Why did I do it? The answer is simple. It had to be done. I had taken enough from an organization that is supposed to enforce the laws but feels it is above the law. As an example, the Civil Service Commission, as early as 1978, acknowledged that the promotional exams for the sheriff’s department were not valid. Only now--1991--is the department under court order not to promote anyone until it develops a valid exam for sergeant.

My career is over. I took a disability retirement after being taken to the hospital for chest pains. The constant harassment, the snide remarks, the porno pictures and the threats on my life took their toll. I still have not accomplished what I set out to do: provide an equal opportunity for women in assignments and promotions. The department defends its treatment of me and its lack of action by claiming that it was not my actions but my abrasive personality that created the problems--despite the fact that I received several “outstanding” evaluations prior to filing the suit.
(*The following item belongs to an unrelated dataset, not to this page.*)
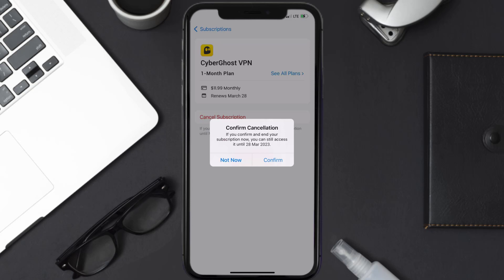The great thing is, you can carry on using the app until the subscription date was originally due. Also, deleting the CyberGhost app or your CyberGhost account will not cancel your subscription, and subscriptions renew automatically unless you cancel your subscription manually on your own.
None of my supervisors thought the problem significant enough to lower my ratings. Only after I filed the action in court did I become “abrasive.”

There have, however, been some changes in the sheriff’s department’s treatment of women. There are only a few assignments women are not allowed to work. The number of women sergeants has almost doubled over the course of my fight; the number of women in higher positions has increased.

Unfortunately, sexism is still pervasive throughout the department. Women are tolerated but they are not considered equal. There is still considerable room for improvement in the area of equality. But at least I will not find myself in Dante’s “special place in hell which is reserved for people who see injustice and do nothing about it.”